◆ **WORK REQUEST**: Give again, exactly as written, each line of the material below starting at the line that contains "PMax Optimization Score" and ending at the line that contains "MI license plate DKI7024". Both ends count, and no other line does.

◆ **SUPPLIED INFORMATION**:
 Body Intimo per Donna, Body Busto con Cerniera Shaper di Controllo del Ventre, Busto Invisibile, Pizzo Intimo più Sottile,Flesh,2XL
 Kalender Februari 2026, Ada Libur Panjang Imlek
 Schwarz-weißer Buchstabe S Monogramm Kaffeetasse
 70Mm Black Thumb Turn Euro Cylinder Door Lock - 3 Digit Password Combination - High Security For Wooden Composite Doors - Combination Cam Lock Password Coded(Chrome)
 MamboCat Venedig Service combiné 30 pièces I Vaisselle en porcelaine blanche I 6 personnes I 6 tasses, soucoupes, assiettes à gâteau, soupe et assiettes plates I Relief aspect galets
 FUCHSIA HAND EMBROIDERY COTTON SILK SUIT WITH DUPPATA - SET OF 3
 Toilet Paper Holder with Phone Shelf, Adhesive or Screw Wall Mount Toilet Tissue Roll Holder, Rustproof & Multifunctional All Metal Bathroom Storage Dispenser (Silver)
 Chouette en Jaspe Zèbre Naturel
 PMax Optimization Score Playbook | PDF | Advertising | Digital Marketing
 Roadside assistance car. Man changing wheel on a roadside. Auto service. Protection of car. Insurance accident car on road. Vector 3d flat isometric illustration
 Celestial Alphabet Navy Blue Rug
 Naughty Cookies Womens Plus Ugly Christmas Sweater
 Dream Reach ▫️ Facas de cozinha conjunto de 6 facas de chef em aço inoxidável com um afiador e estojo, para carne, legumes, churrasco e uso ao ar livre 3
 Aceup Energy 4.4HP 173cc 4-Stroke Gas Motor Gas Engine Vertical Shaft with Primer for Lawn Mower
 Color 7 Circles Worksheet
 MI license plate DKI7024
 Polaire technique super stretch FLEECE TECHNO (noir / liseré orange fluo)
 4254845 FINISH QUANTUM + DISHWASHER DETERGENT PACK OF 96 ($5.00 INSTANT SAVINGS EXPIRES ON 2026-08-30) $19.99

◆ **EXERCISE ANSWER**:
 PMax Optimization Score Playbook | PDF | Advertising | Digital Marketing
 Roadside assistance car. Man changing wheel on a roadside. Auto service. Protection of car. Insurance accident car on road. Vector 3d flat isometric illustration
 Celestial Alphabet Navy Blue Rug
 Naughty Cookies Womens Plus Ugly Christmas Sweater
 Dream Reach ▫️ Facas de cozinha conjunto de 6 facas de chef em aço inoxidável com um afiador e estojo, para carne, legumes, churrasco e uso ao ar livre 3
 Aceup Energy 4.4HP 173cc 4-Stroke Gas Motor Gas Engine Vertical Shaft with Primer for Lawn Mower
 Color 7 Circles Worksheet
 MI license plate DKI7024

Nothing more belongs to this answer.